In the wake of the Supreme Court’s leaked draft opinion declaring their decision to overrule Roe v. Wade and allow states to recriminalize abortion, Americans have turned to their pro-choice elected officials looking for a plan. While some local legislators have offered creative solutions to ensure abortion will remain available to as many people as possible, such as allotting funding for people traveling to their cities and states, declining to prosecute those accused of terminating a pregnancy, and promising not to extradite abortion providers to other states for prosecution, federal legislators have been far less inspiring, largely telling abortion rights supporters to vote for them in November.

That’s it. That seems to be the full plan for this constitutional crisis threatening a right established nearly 50 years ago, the right for all of us to decide if, when, and how to grow our families, one that serves as the bedrock of our right to marry whom we love and anything else that falls under our right to privacy. As a someone who had an abortion at 19 and organizes people who have abortions to share our stories, I am befuddled. The Democratic Party holds control of the House, the Senate, and the White House, it’s not like any of this came as a surprise, and yet here we are, at the proverbial cliff, being asked to wait just a little while longer. That should scare and infuriate all of us.

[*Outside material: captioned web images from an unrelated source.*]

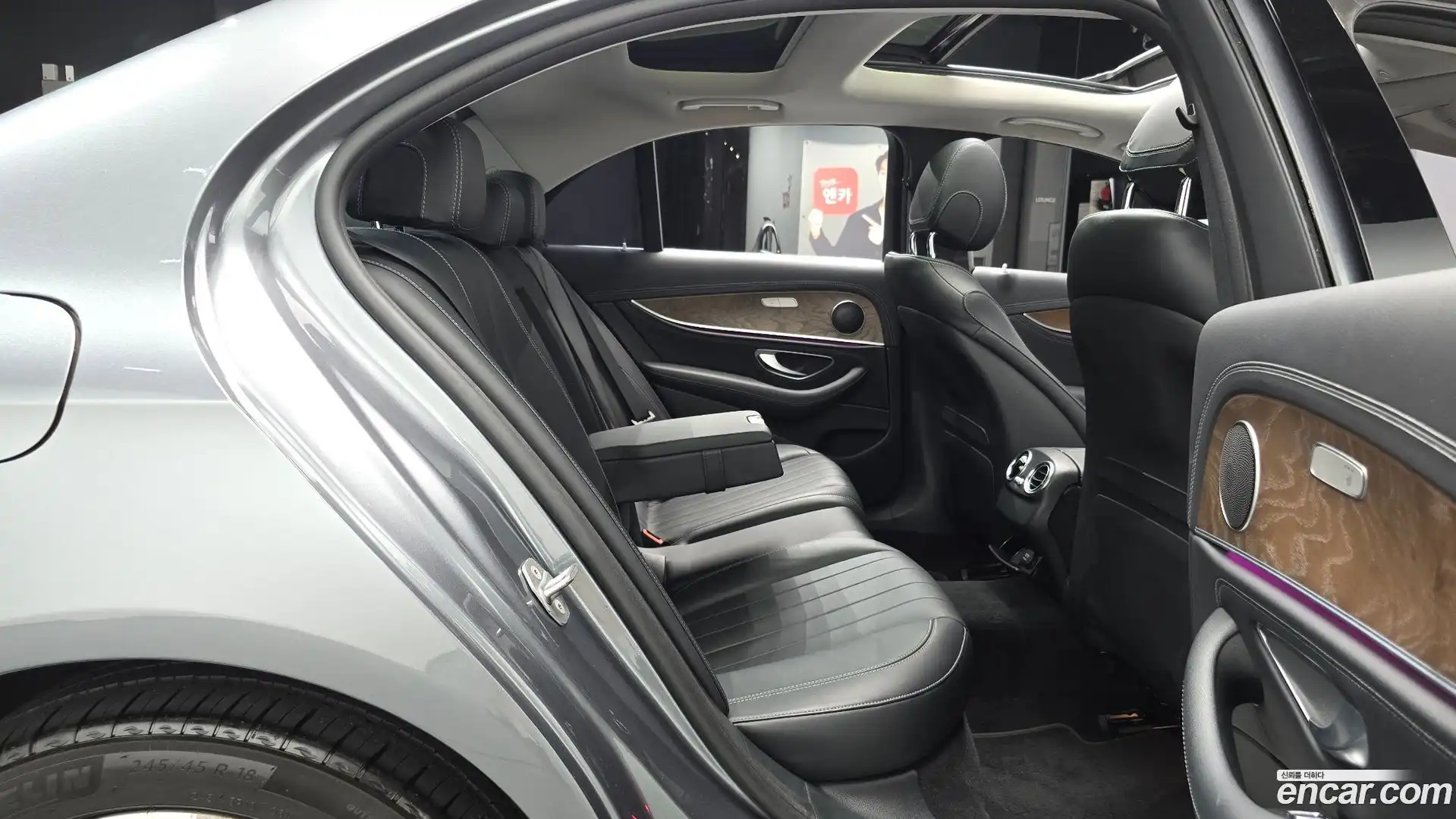E-Class Mercedes-Benz 2017.2-OPTION-016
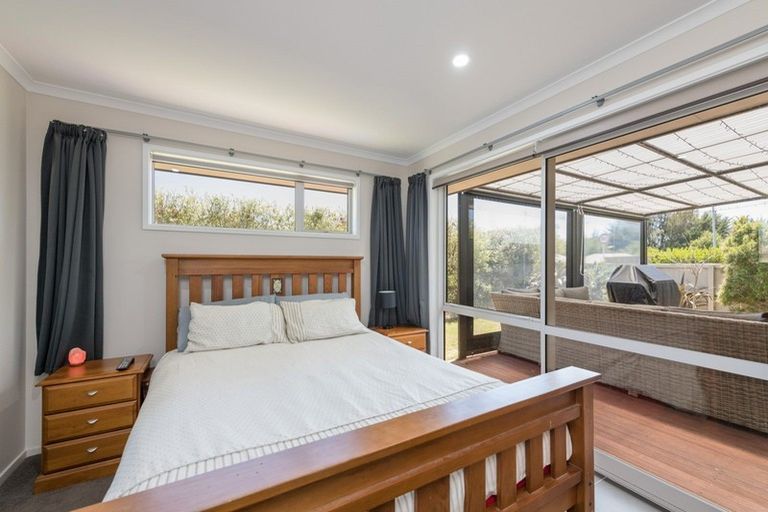 Photo of property in 18 Melfield Place, Richmond, 7020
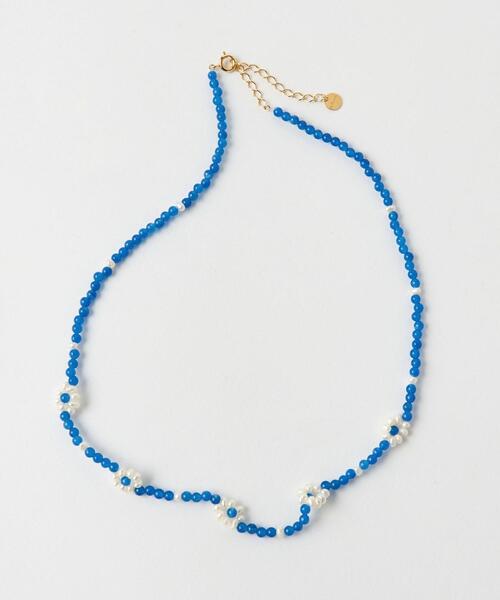 by Preek（バイプリーク）の「＜by Preek（バイプリーク）＞淡水パール フラワービーズネックレス（ネックレス・レディース・コバルトブルー/ピンク/オフホワイト/ブラック・FREE）」の12枚目の写真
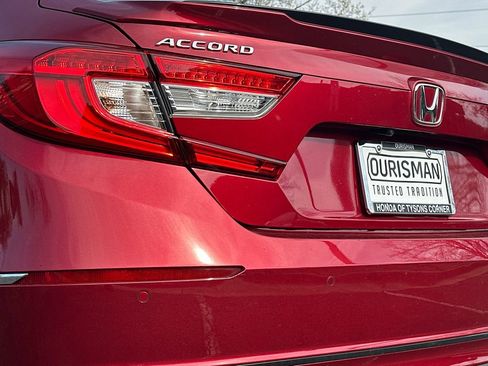 Used 2020 Honda Accord Touring image 6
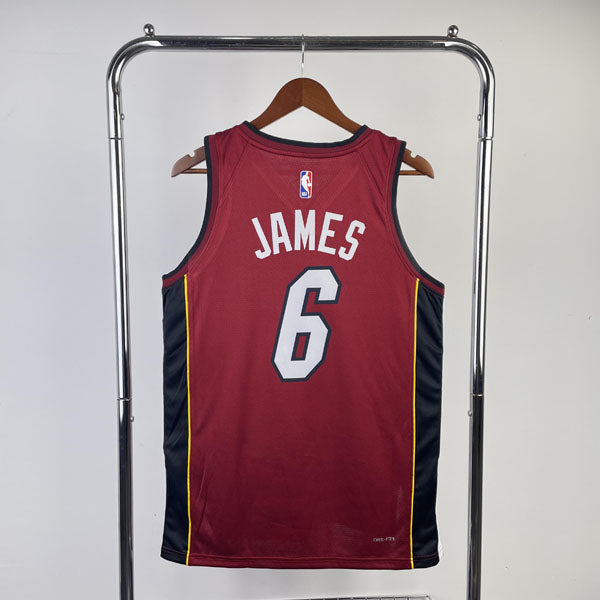 Regata  Miami Heat Statement Edition LeBron James Vermelha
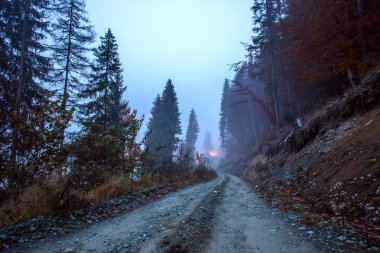 Puslu sabah sahne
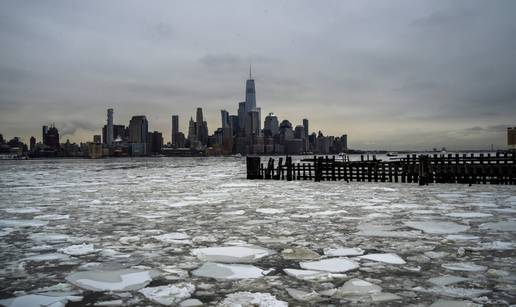FOTO New York okovan ledom. Zale&dstrok;ene rijeke: 'Ekstremna hladno&cacute;a opasna je po &zcaron;ivot...'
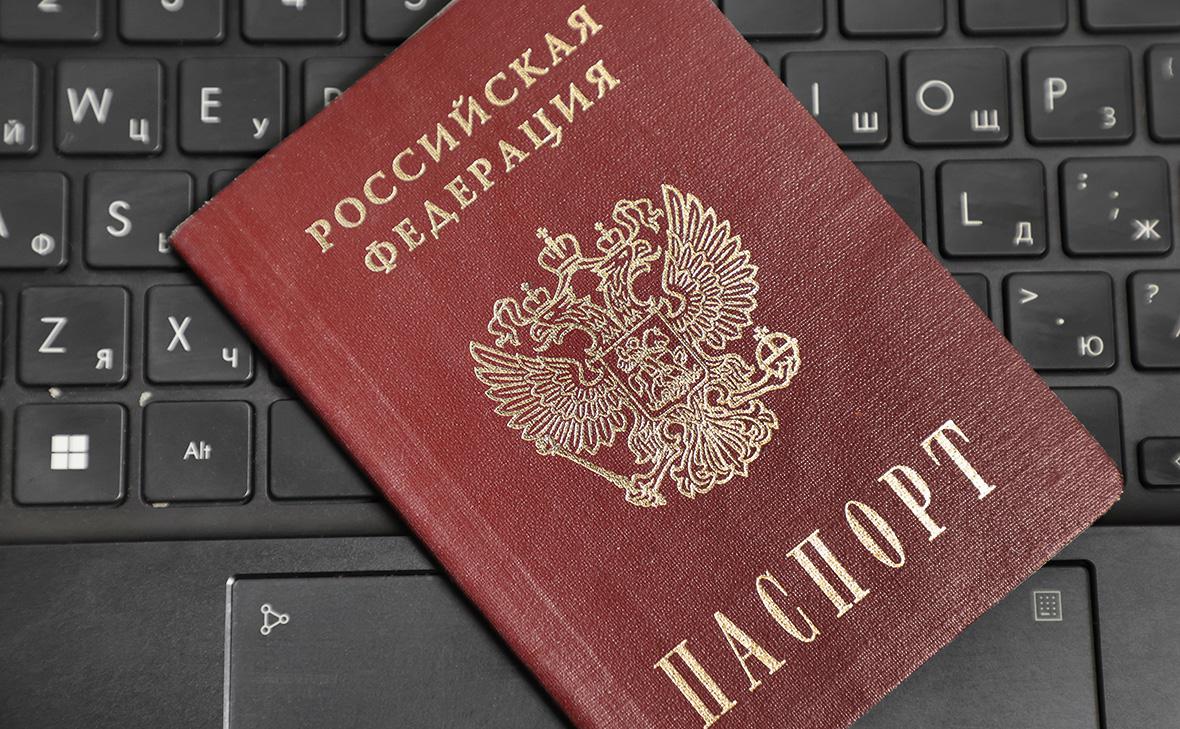 В Краснодаре женщина порвала паспорт РФ и отказалась от гражданства на камеру
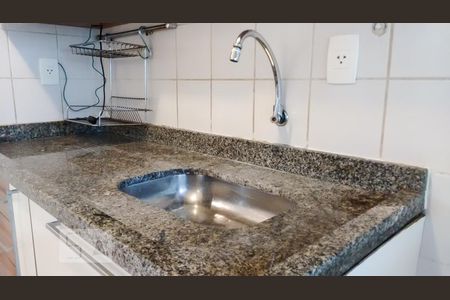 Apartamento para alugar com 60m², 3 quartos e 1 vaga Apartamento para alugar com 60m², 3 quartos e 1 vagaPia da cozinha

Let me tell you something: the worst thing you can do to someone who needs an abortion is ask them to wait a while longer. That’s why state-mandated delays of 24, 48, and 72 hours are so cruel. Even with Roe v. Wade in place, pregnant people are being forced to travel out to state, arrange childcare and time off work, and spend money they don’t have just to get abortion care. Now, it’s likely to get worse and we’re being asked to wait another six months in hopes that Democrats will win in the midterms.

At what point will Democrats deliver on their promises?

I understand the issue: Thanks to Democrats like Senator Kyrsten Sinema and Senator Joe Manchin, who obsess over outdated procedures like the Jim Crow filibuster rather than actually taking actions that would benefit the American people, the Women’s Health Protection Act cannot pass the Senate. But it’s always something, isn’t it?

It’s been decades of something.

In March 2010, in order to get the support of anti-abortion Democrats, President Obama signed an executive order that reaffirmed the Hyde Amendment, which blocks federal funds from being used to pay for most abortions, and said it applied to the Affordable Care Act. This action allowed states to ban abortion coverage from insurance marketplaces. The next year states also enacted a record number of abortion restrictions. Abortion activists, who had long pushed to overturn the Hyde Amendment (first passed in 1976), were told we’d have to keep waiting.

Read More: The World’s Most ‘Pro-Life’ Nations Offer a Grim Preview of America’s Future

After President Trump won, we were told that Democrats needed a “big tent” party—one inclusive of anti-abortion Democrats—in order to win back the house in 2018. Meanwhile, Democrats like Governor John Bel Edwards in Louisiana signed some of the worst anti-abortion restrictions largely without public ostracization from his fellow Democrats. Every campaign season, PACs, super PACs, and candidates warn about the potential fall of Roe, urging supporters to donate if they care about their constitutional rights. Then after they win, these elected officials don’t take much action. Even as the Supreme Court leak was making headlines, top Democrats were rallying the vote for the last anti-abortion Democrat in the House.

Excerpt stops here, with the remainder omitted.